Look through the data below for the line with "h6129498 - Tiroirs", and transcribe it exactly together with each line after it up to and including the line with "Jim Henson (holding". Give nothing else.

TASK INPUTS Block Start

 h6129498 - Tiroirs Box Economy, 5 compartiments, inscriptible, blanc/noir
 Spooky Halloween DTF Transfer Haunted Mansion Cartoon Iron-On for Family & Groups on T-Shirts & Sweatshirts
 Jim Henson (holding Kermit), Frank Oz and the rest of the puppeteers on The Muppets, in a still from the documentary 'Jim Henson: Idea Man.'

TASK INPUTS Block End
TASK INPUTS Block Start

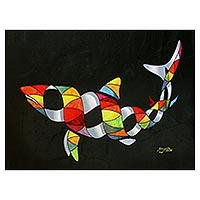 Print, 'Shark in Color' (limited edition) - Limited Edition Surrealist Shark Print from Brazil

TASK INPUTS Block End

(EXERCISE SOLUTION):
 h6129498 - Tiroirs Box Economy, 5 compartiments, inscriptible, blanc/noir
 Spooky Halloween DTF Transfer Haunted Mansion Cartoon Iron-On for Family & Groups on T-Shirts & Sweatshirts
 Jim Henson (holding Kermit), Frank Oz and the rest of the puppeteers on The Muppets, in a still from the documentary 'Jim Henson: Idea Man.'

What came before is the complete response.